De-essing is a process that gets rid of the "s"s. It uses a classic compressor to process out the sibilance. There are quite a few different techniques to try, and several ways to go about de-essing, so we'll tackle them one by one.
For de-essing, I would check out frequencies in the range between 3.5 K all the way to 7K, sometimes 10K. But the usual culprits are usually around 3.5kHz to 7kHz. (try both split and wide-band mode)
STEP 5 TONAL DENSITY COMPRESSION
create a more compactness in sound quality
Tonal Density. The definition according to the Oxford Dictionary:
is the quality of a sound associated with the perceived tightness or compactness of a tone, greater density.
This is exactly what we 're trying to achieve in a vocal production.
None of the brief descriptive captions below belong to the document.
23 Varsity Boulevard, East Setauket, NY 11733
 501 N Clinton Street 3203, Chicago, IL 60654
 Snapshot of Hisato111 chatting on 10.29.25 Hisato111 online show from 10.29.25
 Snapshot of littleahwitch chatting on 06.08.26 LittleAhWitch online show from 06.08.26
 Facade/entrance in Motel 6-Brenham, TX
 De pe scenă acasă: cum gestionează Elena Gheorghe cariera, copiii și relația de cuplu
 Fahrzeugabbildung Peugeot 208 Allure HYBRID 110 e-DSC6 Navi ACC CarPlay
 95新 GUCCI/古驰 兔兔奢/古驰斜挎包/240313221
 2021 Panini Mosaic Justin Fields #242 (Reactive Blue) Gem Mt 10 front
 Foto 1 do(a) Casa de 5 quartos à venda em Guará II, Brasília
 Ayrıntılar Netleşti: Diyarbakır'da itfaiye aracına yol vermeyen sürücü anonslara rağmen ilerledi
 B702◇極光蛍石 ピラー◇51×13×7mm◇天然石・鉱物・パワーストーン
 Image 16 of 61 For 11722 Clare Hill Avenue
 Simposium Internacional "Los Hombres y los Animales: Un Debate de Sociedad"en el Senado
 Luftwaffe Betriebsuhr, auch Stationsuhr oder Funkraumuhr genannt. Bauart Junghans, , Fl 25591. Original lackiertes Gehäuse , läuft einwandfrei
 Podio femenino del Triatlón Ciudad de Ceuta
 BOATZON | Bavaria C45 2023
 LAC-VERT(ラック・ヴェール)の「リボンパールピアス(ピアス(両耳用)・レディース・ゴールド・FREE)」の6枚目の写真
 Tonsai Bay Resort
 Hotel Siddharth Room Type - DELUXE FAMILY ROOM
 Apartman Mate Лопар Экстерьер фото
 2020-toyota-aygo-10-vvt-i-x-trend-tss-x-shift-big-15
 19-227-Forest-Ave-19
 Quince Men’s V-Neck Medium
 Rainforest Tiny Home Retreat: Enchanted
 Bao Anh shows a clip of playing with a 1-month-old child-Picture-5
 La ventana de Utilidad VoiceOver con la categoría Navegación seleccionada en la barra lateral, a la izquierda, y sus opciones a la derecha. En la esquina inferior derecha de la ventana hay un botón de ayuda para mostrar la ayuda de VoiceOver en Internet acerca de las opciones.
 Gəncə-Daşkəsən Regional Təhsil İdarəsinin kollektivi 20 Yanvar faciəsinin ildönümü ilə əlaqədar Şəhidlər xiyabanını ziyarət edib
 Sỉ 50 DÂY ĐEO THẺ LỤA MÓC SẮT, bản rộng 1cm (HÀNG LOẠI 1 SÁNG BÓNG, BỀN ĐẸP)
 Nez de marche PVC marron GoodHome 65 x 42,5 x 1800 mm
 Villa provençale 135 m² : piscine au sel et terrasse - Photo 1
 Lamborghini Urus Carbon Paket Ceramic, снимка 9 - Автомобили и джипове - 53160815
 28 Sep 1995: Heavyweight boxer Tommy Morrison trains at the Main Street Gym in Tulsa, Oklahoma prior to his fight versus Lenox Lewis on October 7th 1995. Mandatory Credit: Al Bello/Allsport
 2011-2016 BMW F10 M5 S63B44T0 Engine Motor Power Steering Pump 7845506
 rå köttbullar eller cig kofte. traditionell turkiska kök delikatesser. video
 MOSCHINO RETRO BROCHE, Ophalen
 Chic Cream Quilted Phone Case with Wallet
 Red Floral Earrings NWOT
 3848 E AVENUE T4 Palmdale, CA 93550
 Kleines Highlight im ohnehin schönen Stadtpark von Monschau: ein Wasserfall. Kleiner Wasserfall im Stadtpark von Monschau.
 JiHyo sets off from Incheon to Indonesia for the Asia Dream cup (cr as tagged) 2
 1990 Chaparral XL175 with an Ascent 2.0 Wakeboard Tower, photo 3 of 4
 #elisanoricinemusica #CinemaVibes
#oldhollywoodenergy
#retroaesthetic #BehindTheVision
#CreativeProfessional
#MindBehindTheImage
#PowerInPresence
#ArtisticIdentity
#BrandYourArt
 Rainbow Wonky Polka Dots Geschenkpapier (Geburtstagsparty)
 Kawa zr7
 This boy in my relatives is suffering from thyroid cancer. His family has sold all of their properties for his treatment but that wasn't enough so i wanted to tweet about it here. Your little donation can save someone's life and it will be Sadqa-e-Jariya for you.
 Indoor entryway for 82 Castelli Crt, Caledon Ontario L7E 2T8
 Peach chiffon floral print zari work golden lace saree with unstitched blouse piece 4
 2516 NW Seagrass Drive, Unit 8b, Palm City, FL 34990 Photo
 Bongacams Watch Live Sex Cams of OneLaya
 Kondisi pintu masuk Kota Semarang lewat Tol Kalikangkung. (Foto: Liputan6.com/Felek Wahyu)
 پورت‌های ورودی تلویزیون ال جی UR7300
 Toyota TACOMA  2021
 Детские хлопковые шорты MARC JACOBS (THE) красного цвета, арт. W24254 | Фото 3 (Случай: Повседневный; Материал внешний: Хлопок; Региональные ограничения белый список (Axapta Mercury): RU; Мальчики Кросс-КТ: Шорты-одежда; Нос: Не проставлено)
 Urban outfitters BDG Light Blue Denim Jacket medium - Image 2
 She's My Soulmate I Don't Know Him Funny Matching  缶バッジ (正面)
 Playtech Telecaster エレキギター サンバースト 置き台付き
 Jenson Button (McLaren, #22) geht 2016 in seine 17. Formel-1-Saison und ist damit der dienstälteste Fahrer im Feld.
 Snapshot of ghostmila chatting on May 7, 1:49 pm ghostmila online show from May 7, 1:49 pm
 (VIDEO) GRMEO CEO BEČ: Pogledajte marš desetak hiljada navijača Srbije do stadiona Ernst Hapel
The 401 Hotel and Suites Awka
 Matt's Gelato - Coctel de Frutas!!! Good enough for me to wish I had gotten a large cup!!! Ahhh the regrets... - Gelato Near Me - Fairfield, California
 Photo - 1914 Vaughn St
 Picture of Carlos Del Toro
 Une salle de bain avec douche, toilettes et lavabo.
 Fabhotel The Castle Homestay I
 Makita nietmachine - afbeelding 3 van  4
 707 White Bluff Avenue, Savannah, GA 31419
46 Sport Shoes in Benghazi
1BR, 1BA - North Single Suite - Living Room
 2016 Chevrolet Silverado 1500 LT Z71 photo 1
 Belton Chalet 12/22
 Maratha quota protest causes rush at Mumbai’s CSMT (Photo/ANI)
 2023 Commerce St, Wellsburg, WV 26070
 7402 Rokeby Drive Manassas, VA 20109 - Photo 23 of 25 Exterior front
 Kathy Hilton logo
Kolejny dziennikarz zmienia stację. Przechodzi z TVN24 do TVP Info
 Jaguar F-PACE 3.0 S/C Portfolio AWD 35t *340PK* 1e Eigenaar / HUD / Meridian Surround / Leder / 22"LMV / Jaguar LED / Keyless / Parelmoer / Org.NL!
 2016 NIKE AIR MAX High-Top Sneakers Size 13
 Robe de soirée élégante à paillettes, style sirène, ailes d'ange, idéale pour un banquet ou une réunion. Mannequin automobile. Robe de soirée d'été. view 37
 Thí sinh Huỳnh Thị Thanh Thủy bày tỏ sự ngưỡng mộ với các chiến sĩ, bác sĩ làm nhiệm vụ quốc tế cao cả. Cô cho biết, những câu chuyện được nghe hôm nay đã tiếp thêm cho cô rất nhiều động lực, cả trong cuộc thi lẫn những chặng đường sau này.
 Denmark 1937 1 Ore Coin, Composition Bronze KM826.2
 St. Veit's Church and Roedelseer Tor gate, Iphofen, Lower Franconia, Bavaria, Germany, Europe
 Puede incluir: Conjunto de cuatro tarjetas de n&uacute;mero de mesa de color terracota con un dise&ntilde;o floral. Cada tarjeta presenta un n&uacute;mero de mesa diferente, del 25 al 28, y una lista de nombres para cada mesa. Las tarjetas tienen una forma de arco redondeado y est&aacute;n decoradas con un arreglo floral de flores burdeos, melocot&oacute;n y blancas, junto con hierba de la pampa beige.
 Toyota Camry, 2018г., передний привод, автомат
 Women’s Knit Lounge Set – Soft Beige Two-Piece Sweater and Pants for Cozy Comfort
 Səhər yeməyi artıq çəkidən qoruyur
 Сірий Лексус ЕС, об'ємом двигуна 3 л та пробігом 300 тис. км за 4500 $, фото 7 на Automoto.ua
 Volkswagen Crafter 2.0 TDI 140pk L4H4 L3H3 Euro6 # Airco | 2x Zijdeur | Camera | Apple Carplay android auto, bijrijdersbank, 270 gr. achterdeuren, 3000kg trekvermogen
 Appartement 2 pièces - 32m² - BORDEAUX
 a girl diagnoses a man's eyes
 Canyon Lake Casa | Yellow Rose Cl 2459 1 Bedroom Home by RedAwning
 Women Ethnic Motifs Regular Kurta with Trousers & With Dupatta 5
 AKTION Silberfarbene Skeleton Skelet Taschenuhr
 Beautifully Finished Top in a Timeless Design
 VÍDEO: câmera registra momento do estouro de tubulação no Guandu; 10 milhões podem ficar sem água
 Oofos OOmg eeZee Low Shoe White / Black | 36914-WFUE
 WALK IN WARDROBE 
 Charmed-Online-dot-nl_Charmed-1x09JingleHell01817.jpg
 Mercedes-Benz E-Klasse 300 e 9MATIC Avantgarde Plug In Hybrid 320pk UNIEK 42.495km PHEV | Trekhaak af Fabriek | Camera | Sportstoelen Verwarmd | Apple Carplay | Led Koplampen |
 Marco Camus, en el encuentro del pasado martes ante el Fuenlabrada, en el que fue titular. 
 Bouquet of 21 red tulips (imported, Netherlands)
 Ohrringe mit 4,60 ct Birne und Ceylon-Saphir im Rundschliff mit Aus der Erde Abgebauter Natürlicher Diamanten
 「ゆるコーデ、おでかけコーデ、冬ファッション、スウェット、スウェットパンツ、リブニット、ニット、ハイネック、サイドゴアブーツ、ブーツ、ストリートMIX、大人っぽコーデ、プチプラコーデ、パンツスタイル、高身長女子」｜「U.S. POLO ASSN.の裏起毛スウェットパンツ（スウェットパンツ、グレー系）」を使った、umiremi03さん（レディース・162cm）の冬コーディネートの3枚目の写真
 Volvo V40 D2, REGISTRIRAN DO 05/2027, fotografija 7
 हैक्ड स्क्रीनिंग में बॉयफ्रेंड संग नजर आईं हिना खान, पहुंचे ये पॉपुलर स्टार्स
In order to achieve this type of quality, we have to set up our compressor in a different way other than the last.
Ratio: 2:1 ratio
Attack time: medium slow attack around 20-40ms,
Release time: medium fast release around 50ms - 150ms (based on the tempo of the song like the last time).
Threshold settings: Pull the threshold all the way down. -30db / -40db. (we need to grab all the nuances of the vocal)
STEP 6 - VOLUME
add gain and volume
This is simple.Turn up the volume with any gain or volume control you have.
We added 8db of vocal in this example.
STEP 7 - SATURATION
warm up the sound and increase pleasant harmonics
You may use tape saturation plugins, or transformer or tube saturation whichever you have available is fine.
After, you have done all these steps, if you listen and think your vocal still don’t sound professional, I’ ll recommend:
Double up on 1 or 2 of the steps above for more hyper processed sound, but use them in parallel to retain some dynamics.
Request a new vocal recording with a better performance.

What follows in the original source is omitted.